Posted on 21 November 2012 by cradmin

The U.S. Green Building Council (USGBC) is set to receive a $3 million grant from Google, which will be used to develop new transparency tools, engage stakeholders across the United States and support research on building materials and health.

“Healthy, non-toxic building materials are a critical component in green building,” said Rick Fedrizzi, USGBC president and CEO. “Fostering awareness of the materials we put into our buildings is of paramount importance, since many materials can link to a host of environmental and health issues. Working with Google enables us to broaden our efforts in the materials industry as we prepare for the next version of the LEED green building program, LEED v4. This updated rating system will paint a more complete picture of materials and products, enabling project teams to make more informed decisions.”

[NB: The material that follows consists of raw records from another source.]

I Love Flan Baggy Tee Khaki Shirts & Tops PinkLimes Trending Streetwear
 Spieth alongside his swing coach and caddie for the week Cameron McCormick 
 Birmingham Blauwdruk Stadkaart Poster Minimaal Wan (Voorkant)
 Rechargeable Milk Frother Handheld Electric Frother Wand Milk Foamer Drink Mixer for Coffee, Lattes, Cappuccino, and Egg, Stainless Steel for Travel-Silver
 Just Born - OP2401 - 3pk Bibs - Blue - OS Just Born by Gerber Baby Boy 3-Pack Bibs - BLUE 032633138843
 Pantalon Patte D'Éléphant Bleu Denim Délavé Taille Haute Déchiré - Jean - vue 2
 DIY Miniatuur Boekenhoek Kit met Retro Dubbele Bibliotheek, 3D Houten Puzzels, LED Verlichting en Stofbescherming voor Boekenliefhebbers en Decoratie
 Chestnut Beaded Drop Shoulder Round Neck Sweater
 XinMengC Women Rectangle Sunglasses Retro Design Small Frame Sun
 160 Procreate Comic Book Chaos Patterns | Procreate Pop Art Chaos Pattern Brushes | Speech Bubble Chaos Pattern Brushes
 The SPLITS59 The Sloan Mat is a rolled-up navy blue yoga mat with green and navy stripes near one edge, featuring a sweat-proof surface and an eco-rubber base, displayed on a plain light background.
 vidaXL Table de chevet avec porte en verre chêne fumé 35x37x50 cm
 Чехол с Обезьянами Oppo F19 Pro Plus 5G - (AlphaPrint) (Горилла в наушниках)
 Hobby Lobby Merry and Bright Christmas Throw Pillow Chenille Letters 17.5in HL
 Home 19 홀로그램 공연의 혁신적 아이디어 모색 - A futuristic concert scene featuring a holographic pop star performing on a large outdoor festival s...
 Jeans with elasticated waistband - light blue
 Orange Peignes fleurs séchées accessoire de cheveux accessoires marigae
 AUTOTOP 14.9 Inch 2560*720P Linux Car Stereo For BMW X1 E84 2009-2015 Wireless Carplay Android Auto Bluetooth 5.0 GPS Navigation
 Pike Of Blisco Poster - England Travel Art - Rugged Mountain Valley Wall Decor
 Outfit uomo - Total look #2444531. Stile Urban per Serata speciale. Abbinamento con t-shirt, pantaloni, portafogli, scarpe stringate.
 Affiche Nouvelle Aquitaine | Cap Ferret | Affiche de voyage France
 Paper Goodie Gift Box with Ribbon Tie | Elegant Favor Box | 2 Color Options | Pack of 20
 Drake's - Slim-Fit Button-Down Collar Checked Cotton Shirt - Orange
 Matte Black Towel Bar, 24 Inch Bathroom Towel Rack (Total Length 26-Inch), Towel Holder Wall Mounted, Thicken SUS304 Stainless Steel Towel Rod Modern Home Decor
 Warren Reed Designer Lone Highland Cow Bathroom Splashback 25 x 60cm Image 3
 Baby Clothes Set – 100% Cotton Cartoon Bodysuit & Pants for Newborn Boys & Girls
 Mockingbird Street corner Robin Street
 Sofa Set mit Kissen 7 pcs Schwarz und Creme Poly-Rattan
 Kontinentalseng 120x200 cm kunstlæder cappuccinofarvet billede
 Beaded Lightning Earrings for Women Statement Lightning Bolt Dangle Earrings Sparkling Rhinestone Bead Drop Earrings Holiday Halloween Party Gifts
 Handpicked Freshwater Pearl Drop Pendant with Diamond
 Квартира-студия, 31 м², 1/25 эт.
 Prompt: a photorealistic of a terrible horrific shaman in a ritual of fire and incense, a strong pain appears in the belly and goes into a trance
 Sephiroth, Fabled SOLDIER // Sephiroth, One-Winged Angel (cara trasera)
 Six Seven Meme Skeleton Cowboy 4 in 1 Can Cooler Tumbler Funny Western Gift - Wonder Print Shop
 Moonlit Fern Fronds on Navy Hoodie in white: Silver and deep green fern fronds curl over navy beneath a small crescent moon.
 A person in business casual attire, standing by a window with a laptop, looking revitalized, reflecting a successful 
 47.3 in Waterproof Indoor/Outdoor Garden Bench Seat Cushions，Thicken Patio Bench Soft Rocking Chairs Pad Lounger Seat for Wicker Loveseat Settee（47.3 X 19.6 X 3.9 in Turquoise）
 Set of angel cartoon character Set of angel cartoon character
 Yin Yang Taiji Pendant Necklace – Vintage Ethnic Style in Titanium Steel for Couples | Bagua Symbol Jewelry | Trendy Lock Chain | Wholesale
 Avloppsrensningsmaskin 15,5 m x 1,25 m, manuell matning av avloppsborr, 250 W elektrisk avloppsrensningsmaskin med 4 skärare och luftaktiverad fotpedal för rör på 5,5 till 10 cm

“USGBC has a deep background in spearheading research, developing a rating system spanning the globe and engaging with the many stakeholders in the building industry, making them the perfect partner to help spur real change on the healthy materials front,” said , Google’s Green Team Lead Anthony Ravitz.

“Improving the indoor environment, increasing materials transparency and advancing the understanding of materials’ impact on health are critical targets for the LEED program as it continues to evolve,” said Scot Horst, senior VP, LEED, USGBC. “Ultimately, we are looking to create overall benefit for the environment and for human health.”

The new initiatives will be developed over the next two years.